--- START ---

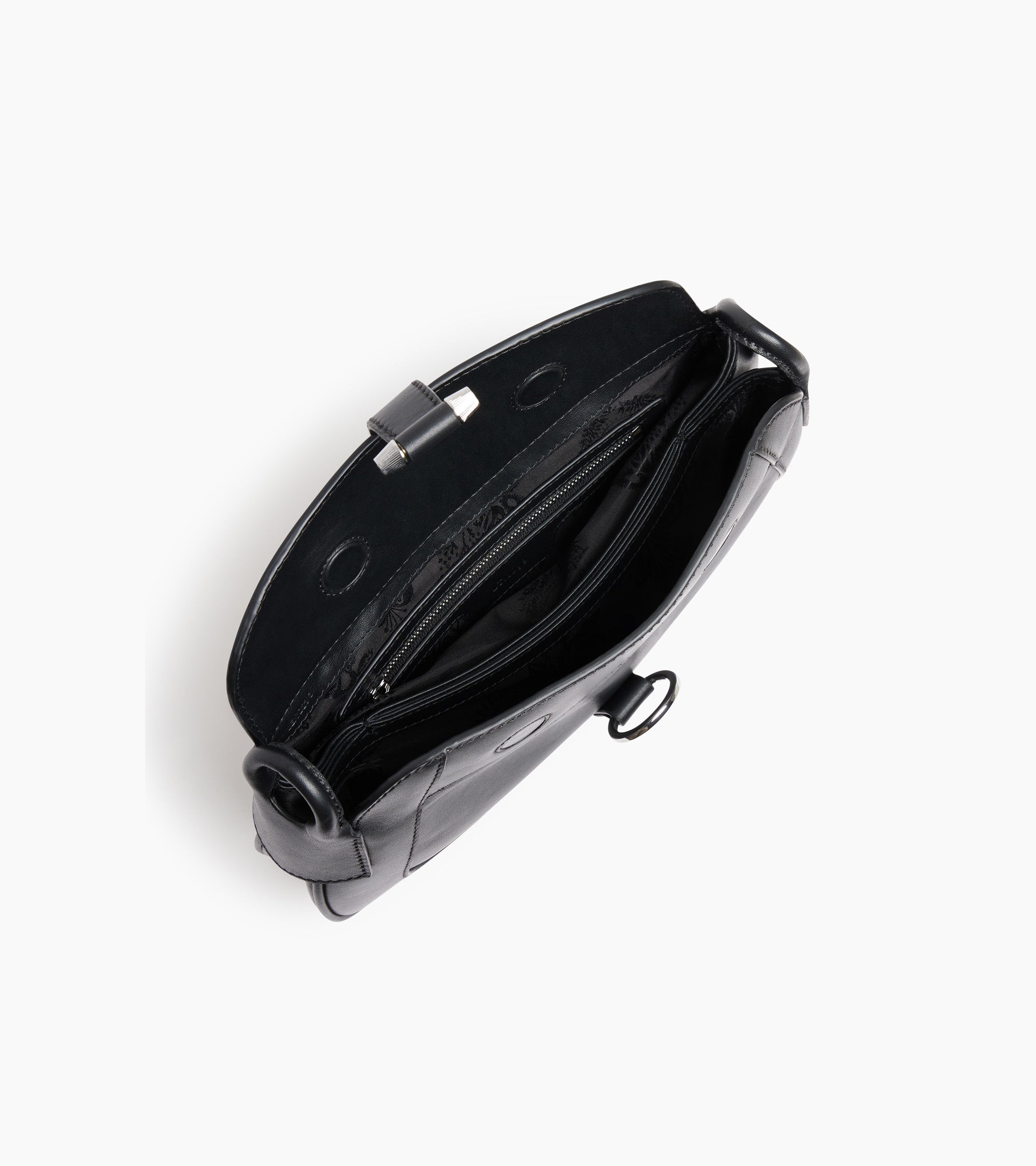 Le Tanneur Pia sac bandoulière cuir lisse noir
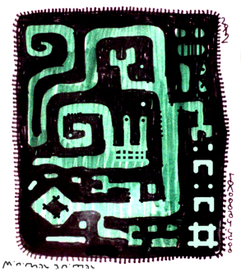 улитка и ящерица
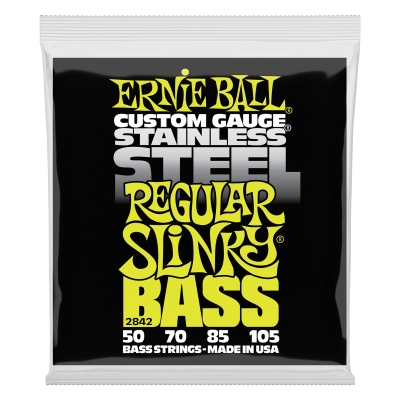 Ernie Ball - Stainless Steel Slinky Bass Strings - Regular .050-.105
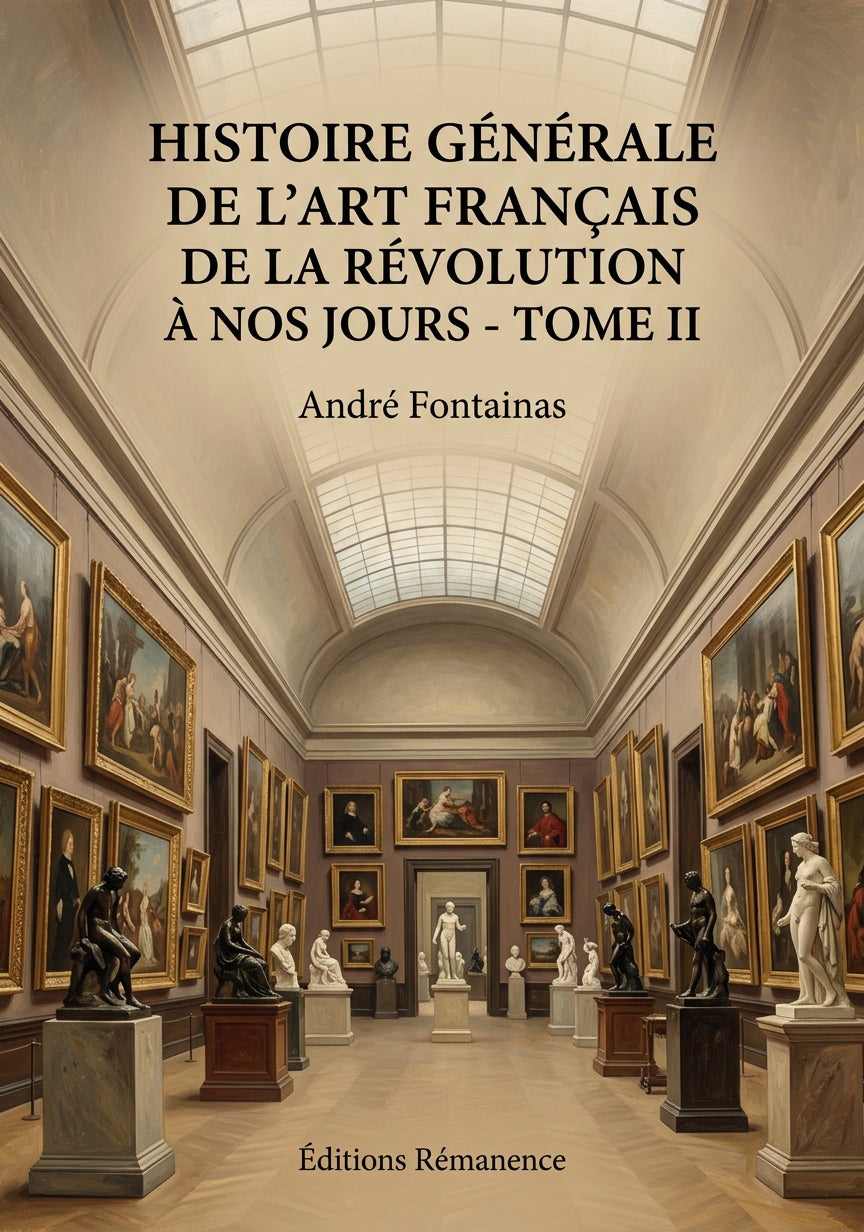 Livre Histoire générale de l'art français de la Révolution à nos jours - Tome II par André Fontainas - Couverture - Editions Remanence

--- END ---

WORK TO COMPLETE>
Transcribe each line above exactly, pictures excluded.

OUTPUT FOR THIS EXERCISE>
 Le Tanneur Pia sac bandoulière cuir lisse noir
 улитка и ящерица
 Ernie Ball - Stainless Steel Slinky Bass Strings - Regular .050-.105
 Livre Histoire générale de l'art français de la Révolution à nos jours - Tome II par André Fontainas - Couverture - Editions Remanence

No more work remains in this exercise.